Energy from wind, sunlight or other renewable energy is converted to potential energy for storage in devices such as electric batteries or higher-elevation water reservoirs. The stored potential energy is later converted to electricity that is added to the power grid, even when the original energy source is not available.

Grid balancing ensures that electricity consumption matches electricity production of an electrical grid at any moment. Electricity is by its nature difficult to store and has to be available on demand, so the supply shall match the demand very closely at any time despite the continuous variations of both. In a deregulated grid, a transmission system operator is responsible for the balancing (in the US electric system smaller entities, so called balancing authorities, are in charge, overseen by reliability coordinators).
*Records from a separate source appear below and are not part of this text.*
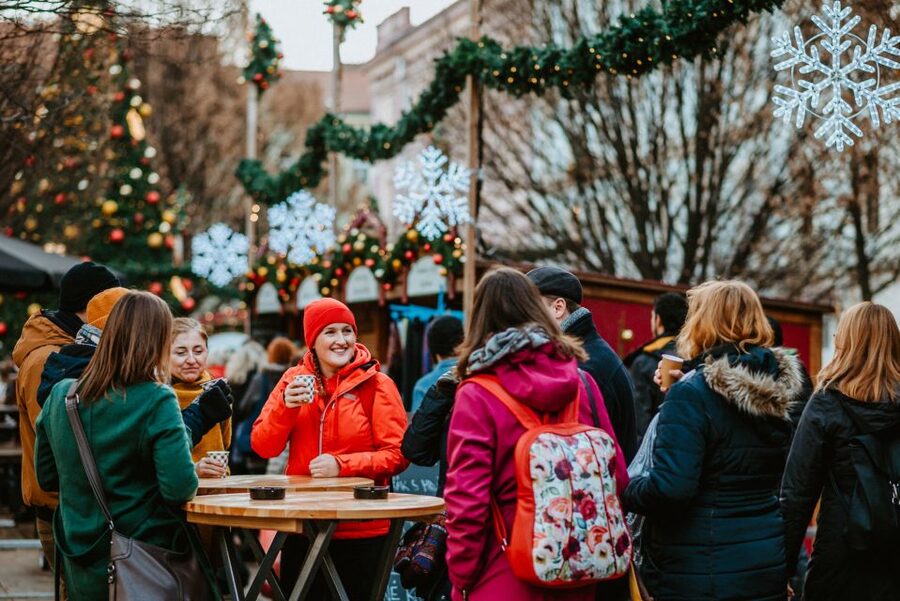 Prague: 2-3h Magical Christmas Markets Tour with Inclusions - Who will enjoy this tour most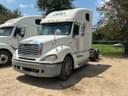 2003 Freightliner Columbia Image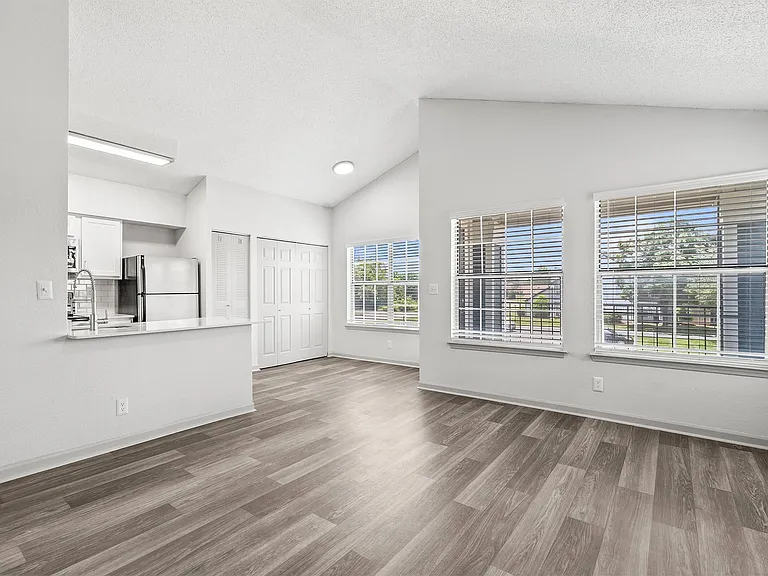 Summerlake Apartments — Photo 25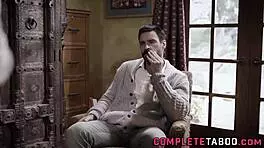 बस्टी टीन 18+ की टाइट गैंड को एक्सट्रीम चुदाई में जोर से पाउंड किया जाता है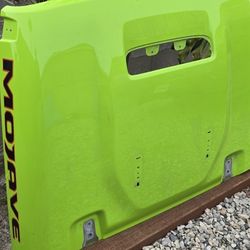 2024 OEM Jeep Mohave Hood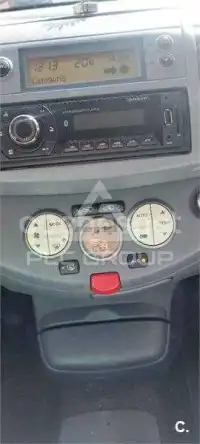 2003 Nissan MICRA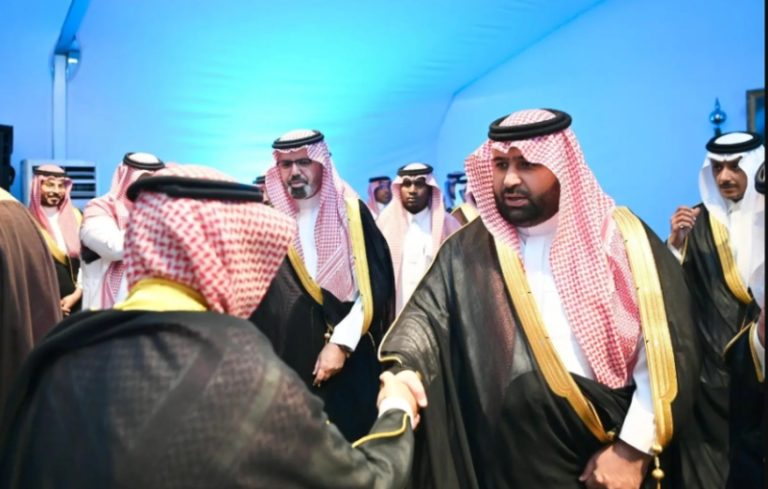 لقاء أمير جازان ونائبه مع مشايخ وأهالي محافظة فيفاء لبحث احتياجاتها التنموية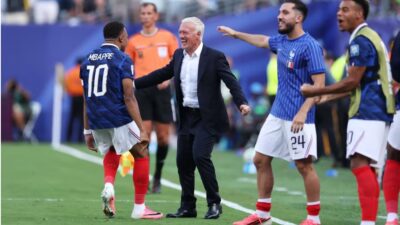 Dua Gol Mbappe Singkirkan Swedia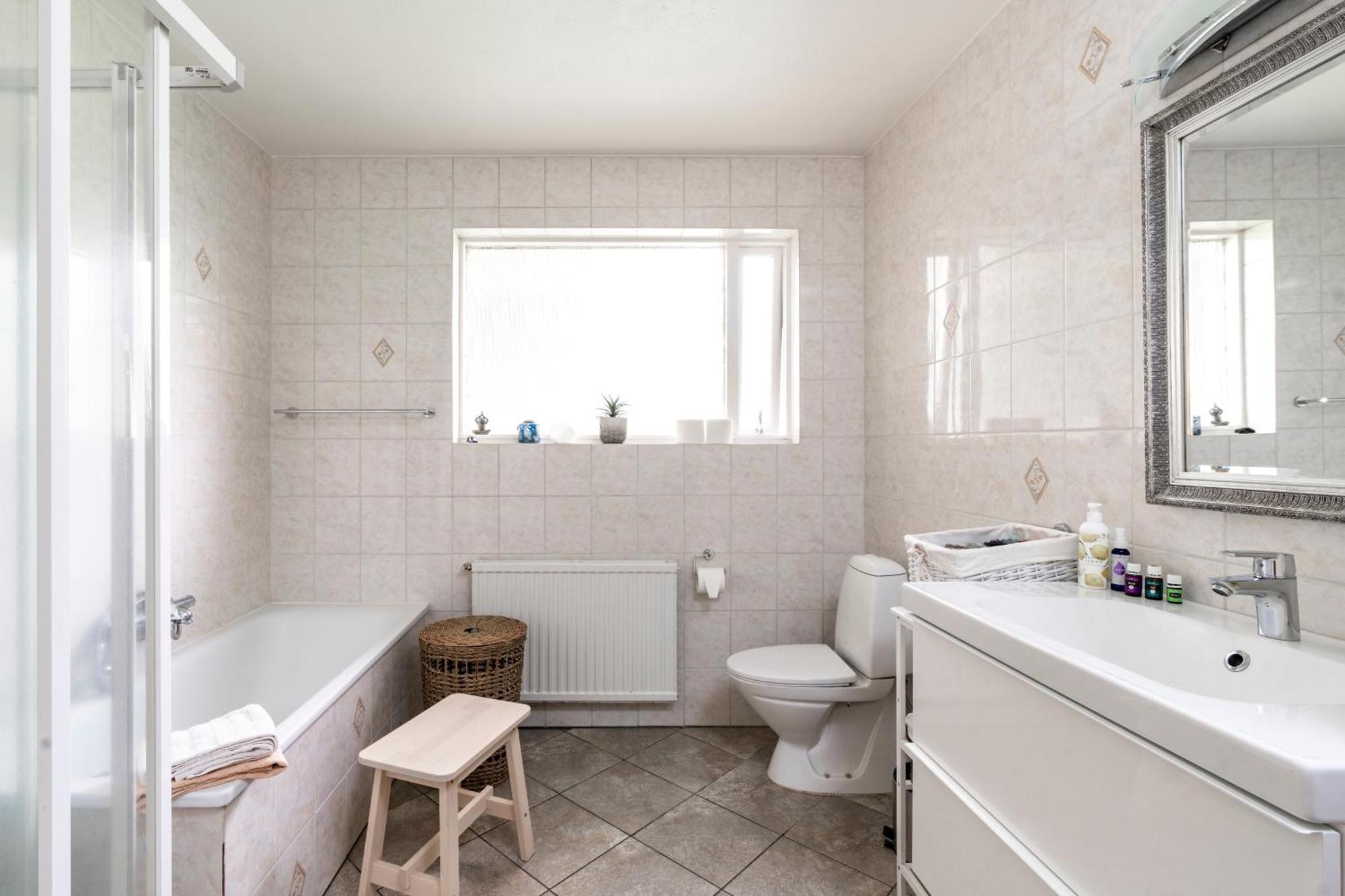 Tunfifill Guesthouse - Free Hot Tub And Sauna, Cozy And Quiet 크밤스타웅기 외부 사진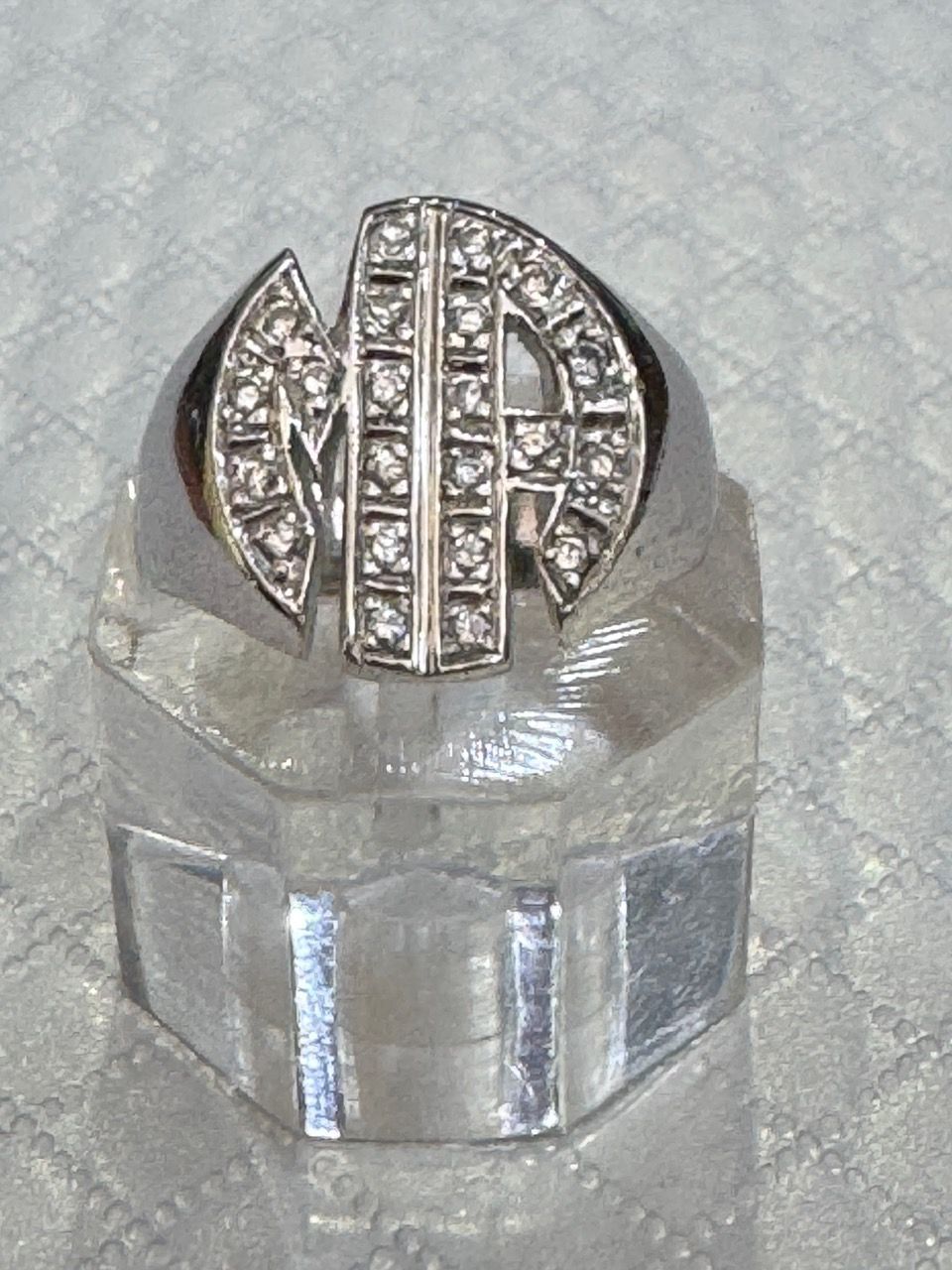 Anillo de plata con iniciales 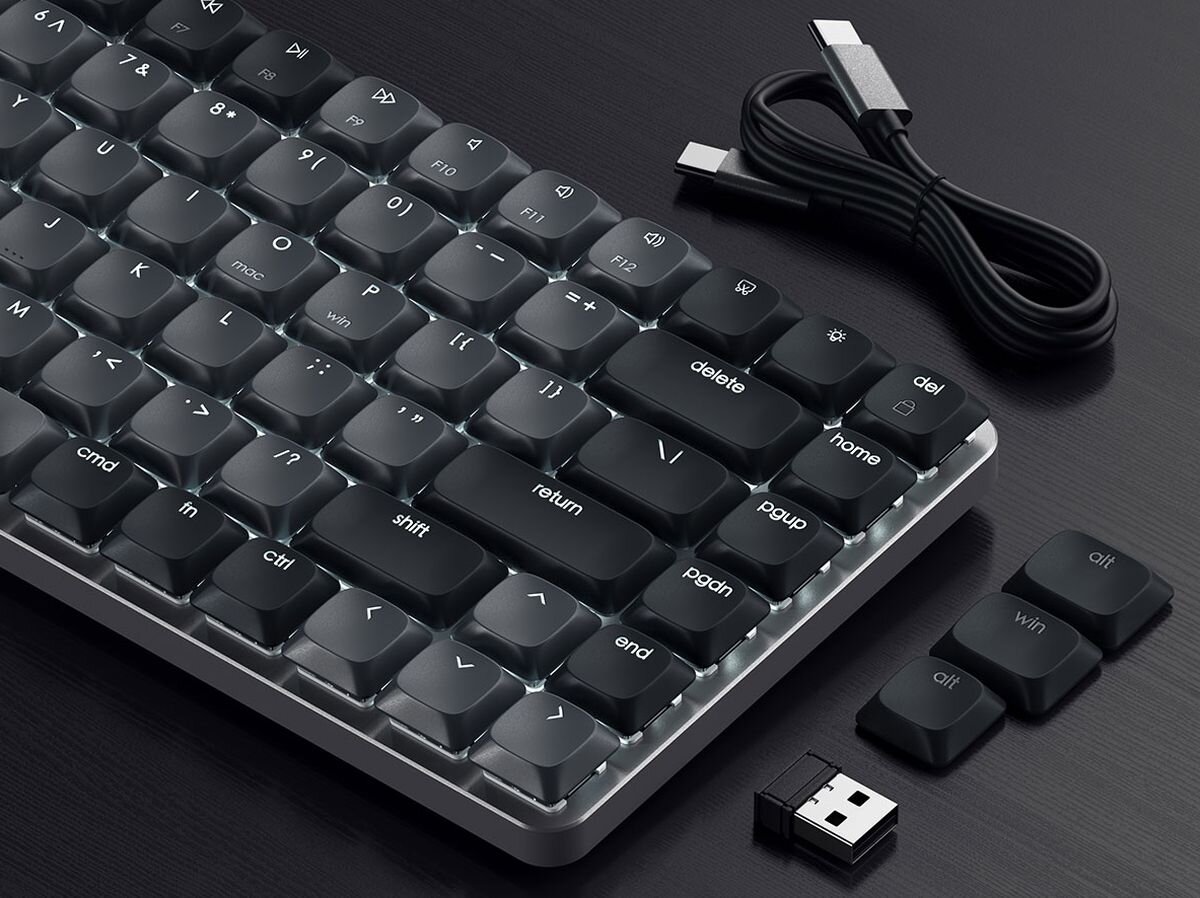 SATECHI Slim SM1 - klawiatura na ciemnym blacie, obok klawisze i kabel Usb-c do Usb-c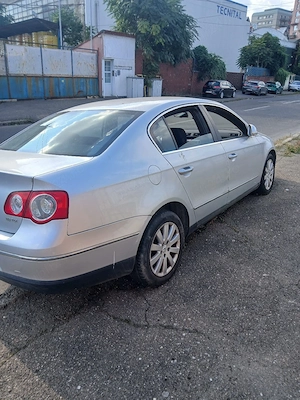 Vand Passat B6 2.0 TDI 2006 proprietar - imagine 4
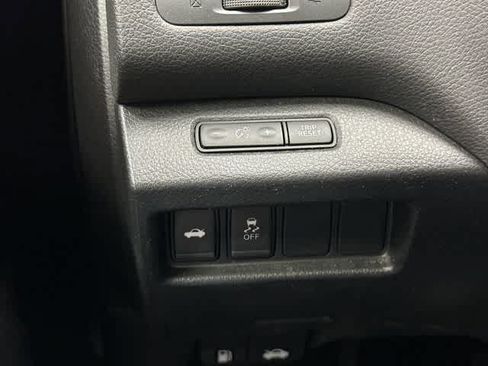 Used 2017 Nissan Altima 2.5 SV FWD image 19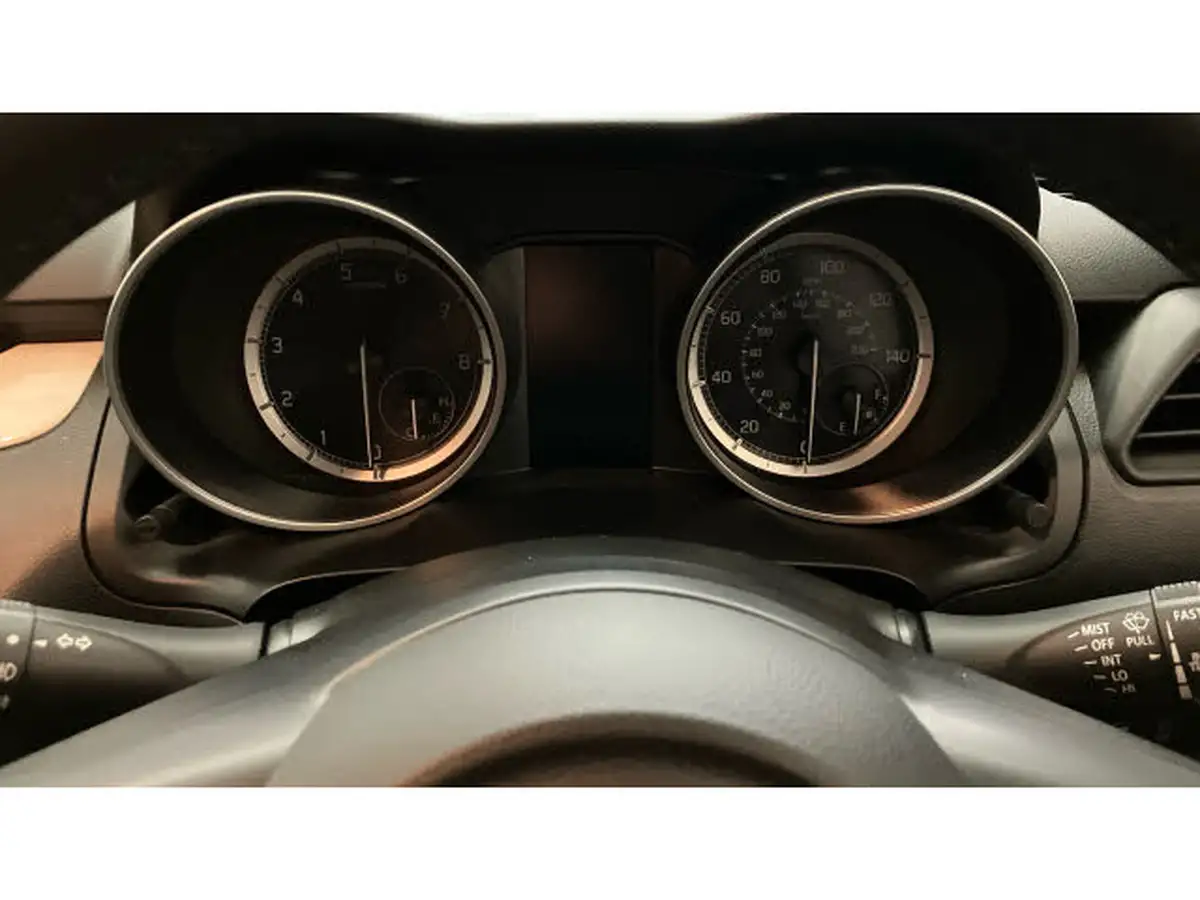 2019-suzuki-swift-12-dualjet-sz5-allgrip-big-10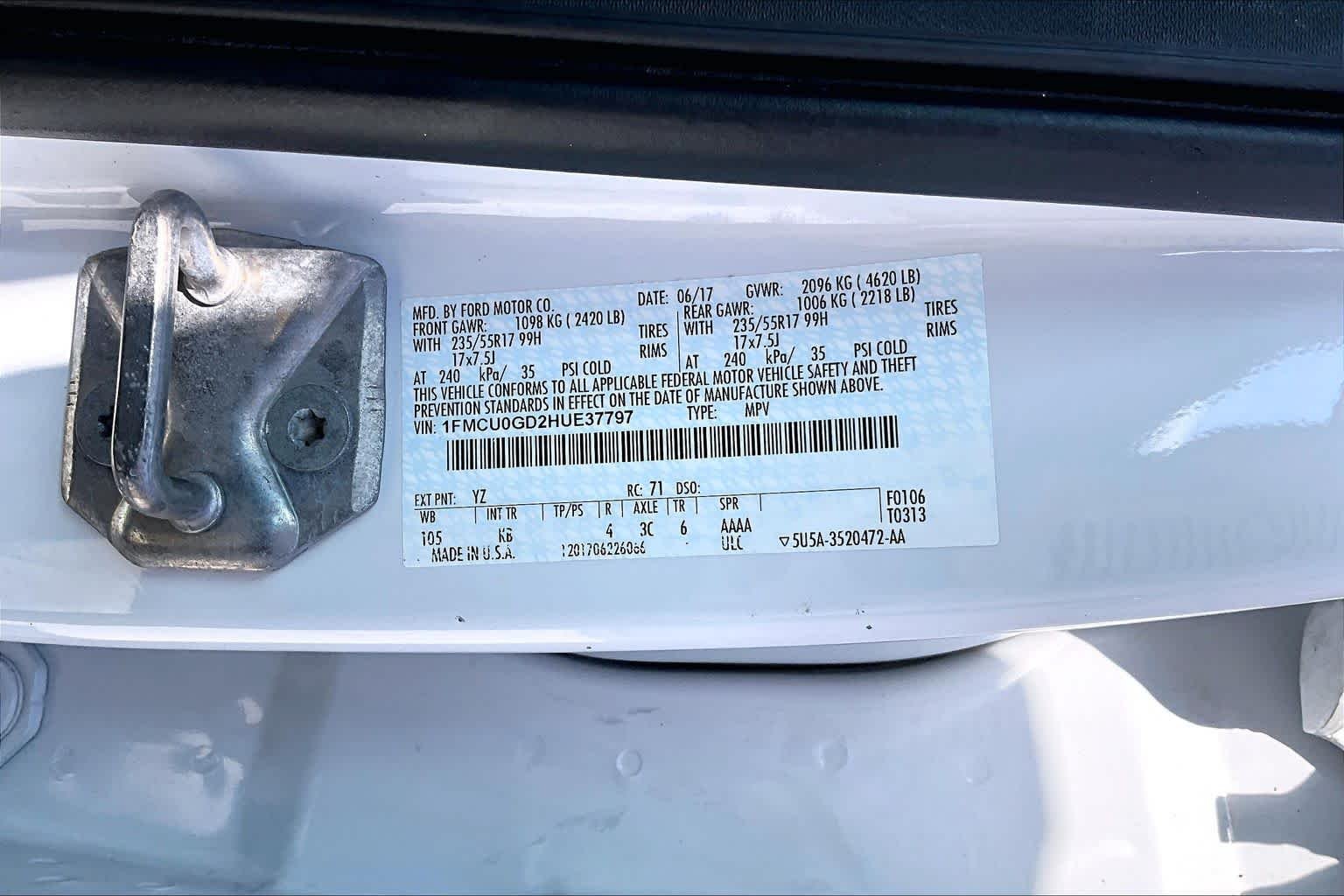 Used 2017 Oxford White Ford SE image 31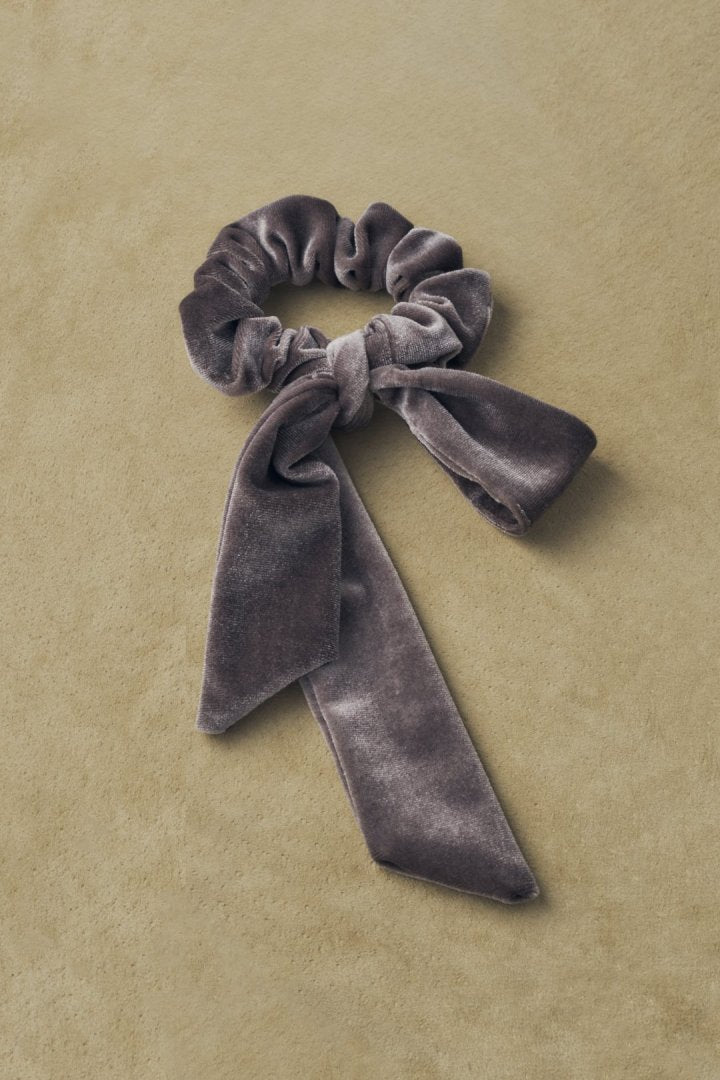 ベロア ハング シュシュ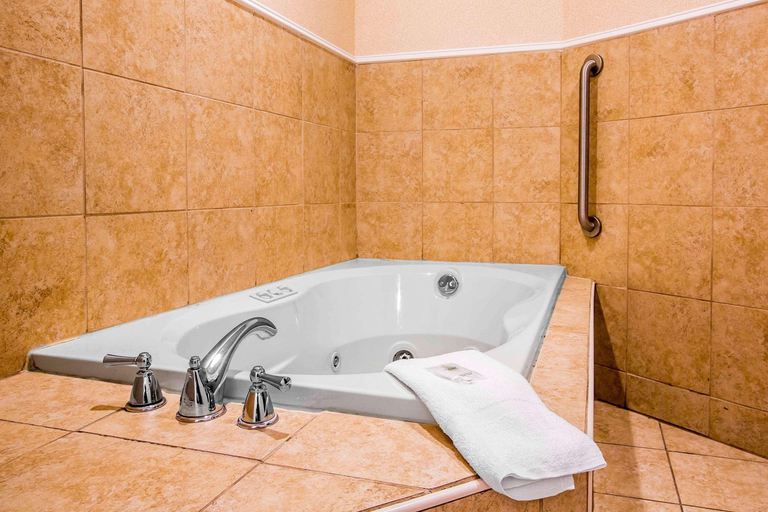 Bathroom, Comfort Inn & Suites Plattsburgh - Morrisonville, Clinton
In a wide area synchronous grid the short-term balancing is coupled with frequency control: as long as the balance is maintained, the frequency stays constant (at the scheduled frequency), whenever a small mismatch between aggregate demand and aggregate supply occurs, it is restored due to both supply and demand being frequency-sensitive: lower frequency increases the supply, and higher frequency increases the demand.

As of the beginning of 2020s, the actual balancing service was provided primarily by the conventional power stations: frequently, the only quick-response safety margin is the inertial response provided by the kinetic energy of the physically rotating machinery (synchronous generators and turbines). If there is a mismatch between supply and demand the generators absorb extra energy by speeding up or produce more power by slowing down causing the utility frequency (either 50 or 60 hertz) to increase or decrease. However, the frequency cannot deviate too much from the target: many units of the electrical equipment can be destroyed by the out-of-bounds frequency and thus will automatically disconnect from the grid to protect themselves, potentially triggering a blackout.

Since the 20th century grid balancing has become less predictable with more variable renewable energy being installed into the grid. This has resulted in wind farms being turned off at night time, when wind is high and demand for power is low. In Scotland this has resulted in payouts, most recently over £6m in 33 days has been paid by the grid to wind farms to not generate electricity.

Constraint payments are made to other electricity suppliers as well as wind. In 2011/2012, payments by the National Grid in the UK totaled £324 million of which £31 million went to wind. In 2012/2013, thanks to improved transmission capability, they were £130 million of which only £7 million were for wind.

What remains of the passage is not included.